DATASET RECORDS ->
******

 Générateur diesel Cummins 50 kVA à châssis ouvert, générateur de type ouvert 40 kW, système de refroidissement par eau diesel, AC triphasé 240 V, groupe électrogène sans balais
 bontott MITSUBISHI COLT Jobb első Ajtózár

******

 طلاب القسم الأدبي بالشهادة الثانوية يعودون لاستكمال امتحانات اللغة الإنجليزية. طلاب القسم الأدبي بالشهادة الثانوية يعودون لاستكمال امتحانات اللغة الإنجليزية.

******

Out of the listing above, reproduce exactly the lines from the one with "Générateur diesel Cummins" up to and including the one with "bontott MITSUBISHI COLT Jobb első Ajtózár".

 Générateur diesel Cummins 50 kVA à châssis ouvert, générateur de type ouvert 40 kW, système de refroidissement par eau diesel, AC triphasé 240 V, groupe électrogène sans balais
 bontott MITSUBISHI COLT Jobb első Ajtózár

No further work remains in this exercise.